To accomplish this, the traditional structure that seems to be producing short term leaders at the top, are required to adjust and remodel that traditional hierarchical top-down structure. It requires a concerted, deliberate strategy to achieve collectively, embracing all within and without the organization to create a uniqueness that can be developed into a competitive advantage. The circular, agile, platform organization is needed for this new world, that continuously pushes its boundaries to develop new markets through innovation and creativity in an open environment which can be anyone, anywhere, anytime.

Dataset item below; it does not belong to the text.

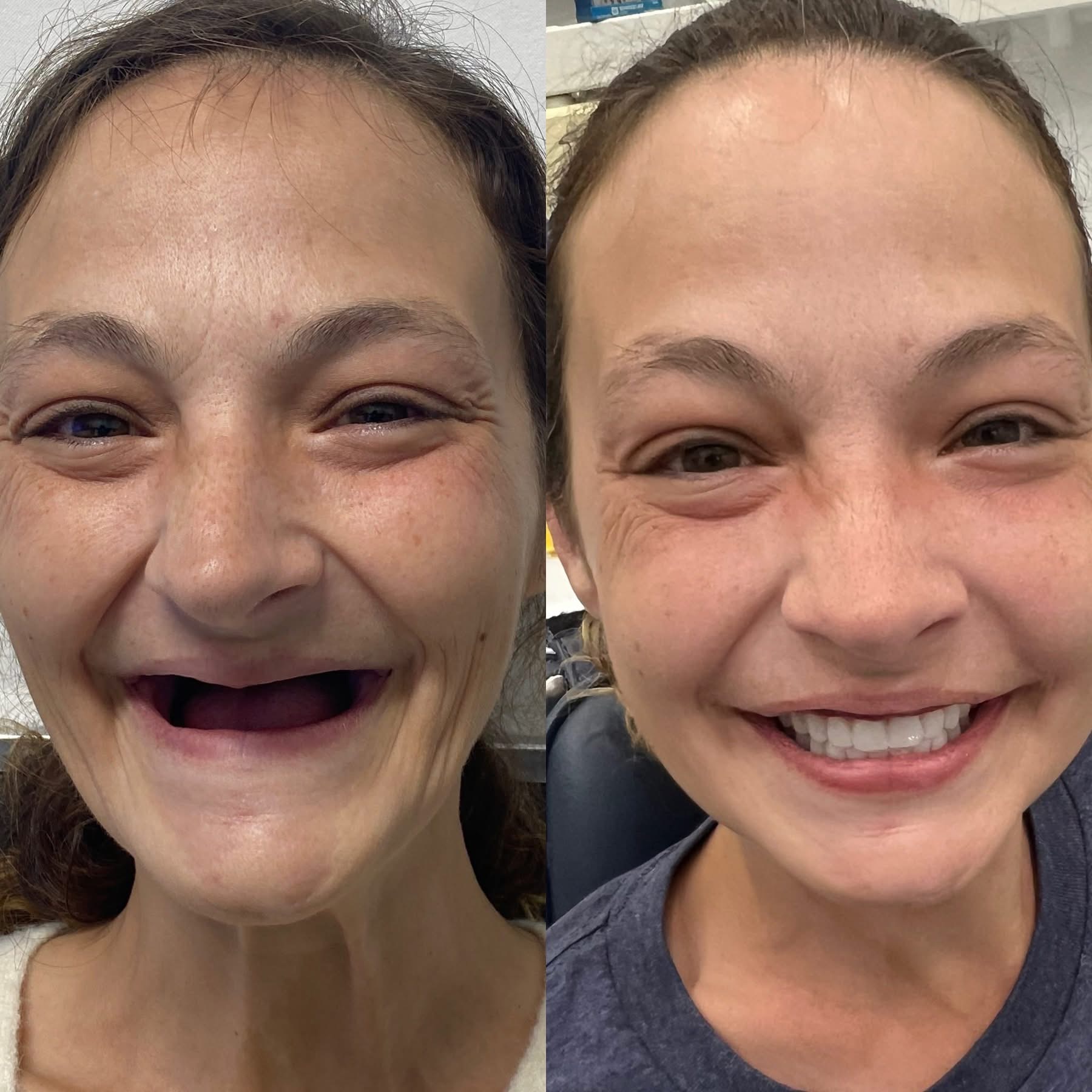 Patient before and after dental implants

The new Digital Age is dismantling old structures, as a shopfront moves from being open just for a specific number of hours a day, to being open for business 24×7 Online, as CyberSecurity becomes entrenched at the front of the organization, as Customers no longer have to wait to purchase. To accommodate this, new supply chain structures and processes must be constructed to meet demand and supply, delivery and new management models in marketing, and sales. This agile framework dismantles the hierarchical model and it is an imperative for today’s environment.Working hours are changing as automation and online access set in, new behaviors, and more leisure time to spend on the creative. New skill sets to be managed and new opportunities all become part of the ecosystem required for the Digital Age.

The age of creativity and awareness is upon us and there is no need for limited, short term thinking. In a world so filled with opportunities to improve it, it is difficult to accept the notion that the longer term is uncertain. If these opportunities are pursued actively, there is great reward. Just ask Elon Musk!